Curatorial Projects > Battle Emblems (2006)

GAY & LESBIAN LIBERATION

HISTORICAL CONTEXT
Migration to cities after World War II established gay communities nationwide, as well as early gay and lesbian organizations such as Los Angeles’ Mattachine Society and San Francisco’s Daughters of Bilitis. The modern gay rights movement began on June 28, 1969. Although police raids on gay bars were common at the time, patrons of New York City’ Stonewall Inn fought back that night, escalating into riots that lasted three days, receiving unprecedented media coverage. After the catalyzing riots, gay and lesbian activists continued working for social equality, and began demanding legal rights to live and work without discrimination, and that homosexuality be removed from the American Psychiatric Association's list of mental diseases. The 1970s saw the creation of influential groups such as Gay Liberation Front and a large migration of gays and lesbians to San Francisco, where they acquired political influence, most notably with the 1977 election of openly gay activist Harvey Milk to the Board of Supervisors. 100,000 people attended the first national gay rights march in Washington, D.C. in 1979; a million people attended the third national march in 1993. In 1987, AIDS Coalition to Unleash Power (ACT-UP) formed in New York to fight for de-stigmatization of AIDS and for AIDS research funding. Their aggressive street tactics politicized the gay community around AIDS, leading the way to other activist organizations, including the Lesbian Avengers. The Stonewall riots are commemorated each June on Pride Day, where gays, lesbians, bisexuals, and transgenders gather for celebratory parades and political action. The 1990s brought the opening of GLBT community centers nationwide.

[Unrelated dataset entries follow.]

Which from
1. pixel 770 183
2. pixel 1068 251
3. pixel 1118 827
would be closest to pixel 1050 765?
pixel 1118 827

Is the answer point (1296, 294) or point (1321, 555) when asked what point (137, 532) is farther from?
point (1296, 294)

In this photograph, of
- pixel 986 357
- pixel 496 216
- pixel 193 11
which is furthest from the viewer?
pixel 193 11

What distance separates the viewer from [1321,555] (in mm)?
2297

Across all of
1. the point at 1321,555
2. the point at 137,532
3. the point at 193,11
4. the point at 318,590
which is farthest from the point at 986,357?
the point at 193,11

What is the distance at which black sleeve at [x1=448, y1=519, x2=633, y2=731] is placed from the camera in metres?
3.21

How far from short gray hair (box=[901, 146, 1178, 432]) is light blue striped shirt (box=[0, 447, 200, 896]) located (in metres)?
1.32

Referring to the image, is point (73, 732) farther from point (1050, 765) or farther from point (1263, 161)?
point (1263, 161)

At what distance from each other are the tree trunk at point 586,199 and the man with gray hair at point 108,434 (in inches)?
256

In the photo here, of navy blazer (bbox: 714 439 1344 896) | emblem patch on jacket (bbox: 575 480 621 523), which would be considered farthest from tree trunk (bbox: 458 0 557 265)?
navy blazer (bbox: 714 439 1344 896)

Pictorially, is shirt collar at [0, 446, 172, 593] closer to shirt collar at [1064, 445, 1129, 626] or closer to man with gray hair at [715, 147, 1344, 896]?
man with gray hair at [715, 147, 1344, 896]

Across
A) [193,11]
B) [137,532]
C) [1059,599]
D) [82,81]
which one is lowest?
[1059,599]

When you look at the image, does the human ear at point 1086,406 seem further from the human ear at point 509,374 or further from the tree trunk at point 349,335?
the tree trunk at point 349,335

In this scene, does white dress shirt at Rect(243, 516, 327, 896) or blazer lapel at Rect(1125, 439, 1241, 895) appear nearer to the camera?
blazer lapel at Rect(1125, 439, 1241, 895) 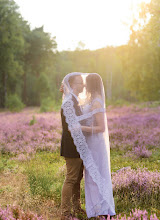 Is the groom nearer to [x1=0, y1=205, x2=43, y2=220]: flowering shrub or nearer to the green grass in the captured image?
[x1=0, y1=205, x2=43, y2=220]: flowering shrub

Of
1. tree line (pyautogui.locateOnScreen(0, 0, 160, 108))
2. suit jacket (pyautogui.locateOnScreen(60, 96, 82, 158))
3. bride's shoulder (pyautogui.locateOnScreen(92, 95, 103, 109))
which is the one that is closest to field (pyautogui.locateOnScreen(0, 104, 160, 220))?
suit jacket (pyautogui.locateOnScreen(60, 96, 82, 158))

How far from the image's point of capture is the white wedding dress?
147 inches

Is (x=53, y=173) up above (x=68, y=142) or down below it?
below

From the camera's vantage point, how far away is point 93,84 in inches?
149

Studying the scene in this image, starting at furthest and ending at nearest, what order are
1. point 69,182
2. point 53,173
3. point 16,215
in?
point 53,173
point 69,182
point 16,215

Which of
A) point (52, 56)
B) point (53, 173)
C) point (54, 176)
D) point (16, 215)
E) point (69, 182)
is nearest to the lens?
point (16, 215)

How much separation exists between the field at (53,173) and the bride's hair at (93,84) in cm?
172

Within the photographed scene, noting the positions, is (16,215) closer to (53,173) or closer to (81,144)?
(81,144)

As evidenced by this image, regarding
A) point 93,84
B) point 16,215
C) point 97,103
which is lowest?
point 16,215

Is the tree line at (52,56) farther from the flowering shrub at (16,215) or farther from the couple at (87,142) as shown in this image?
the flowering shrub at (16,215)

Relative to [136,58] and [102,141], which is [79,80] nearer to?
[102,141]

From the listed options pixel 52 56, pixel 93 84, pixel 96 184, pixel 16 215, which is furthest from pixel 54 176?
pixel 52 56

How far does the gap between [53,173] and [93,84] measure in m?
3.11

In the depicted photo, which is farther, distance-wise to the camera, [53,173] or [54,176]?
[53,173] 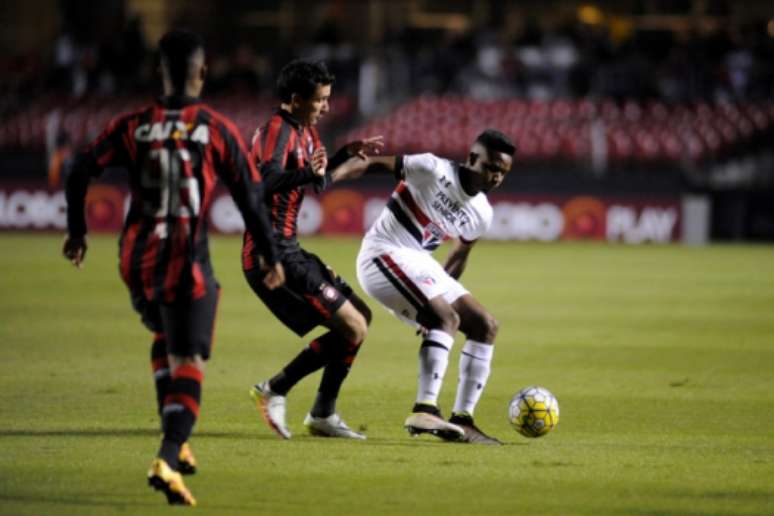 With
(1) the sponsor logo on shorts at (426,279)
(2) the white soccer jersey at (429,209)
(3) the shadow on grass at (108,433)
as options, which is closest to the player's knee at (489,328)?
(1) the sponsor logo on shorts at (426,279)

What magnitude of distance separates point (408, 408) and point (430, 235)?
1355 millimetres

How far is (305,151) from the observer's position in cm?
776

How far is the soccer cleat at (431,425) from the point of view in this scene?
304 inches

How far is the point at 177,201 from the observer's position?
237 inches

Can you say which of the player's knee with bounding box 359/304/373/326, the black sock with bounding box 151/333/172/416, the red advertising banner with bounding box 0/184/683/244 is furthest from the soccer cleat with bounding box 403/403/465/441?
the red advertising banner with bounding box 0/184/683/244

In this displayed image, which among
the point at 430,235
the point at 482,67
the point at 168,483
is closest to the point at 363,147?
the point at 430,235

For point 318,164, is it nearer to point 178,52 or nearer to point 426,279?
point 426,279

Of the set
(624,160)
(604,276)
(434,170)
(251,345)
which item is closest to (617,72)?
(624,160)

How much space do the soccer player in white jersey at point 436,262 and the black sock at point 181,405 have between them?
2.00 metres

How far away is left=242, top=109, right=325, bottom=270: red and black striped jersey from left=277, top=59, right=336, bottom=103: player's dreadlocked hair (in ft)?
0.43

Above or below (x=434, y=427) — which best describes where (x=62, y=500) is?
above

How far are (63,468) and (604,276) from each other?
14.3 m

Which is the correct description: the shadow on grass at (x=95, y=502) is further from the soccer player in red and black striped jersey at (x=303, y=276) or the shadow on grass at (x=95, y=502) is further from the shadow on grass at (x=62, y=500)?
the soccer player in red and black striped jersey at (x=303, y=276)

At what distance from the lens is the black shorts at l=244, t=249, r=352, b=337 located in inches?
307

ORIGINS OF GAY & LESBIAN LIBERATION EMBLEM
The pink triangle was established as a pro-gay symbol by U.S. activists during the 1970s. Its precedent lay in World War II, when homosexuals in Nazi concentration camps were forced to wear inverted pink triangles as identifiers, much in the same manner that Jews were forced to wear the yellow Star of David. Lesbians (along with Gypsies and other “asocials”) were forced to wear inverted black triangles. The appropriation of the pink triangle, originally pointing down in the concentration camps and now pointing up, transformed a symbol of humiliation into one of solidarity, resistance, and liberation. The pink triangle gained mass exposure in 1987 by members of the Silence = Death Project, who subsequently offered the symbol to activist group ACT-UP. Owing in part to its increasing identification with AIDS, the pink triangle was supplanted in the early 1990s by the rainbow as the dominant symbol of gay pride.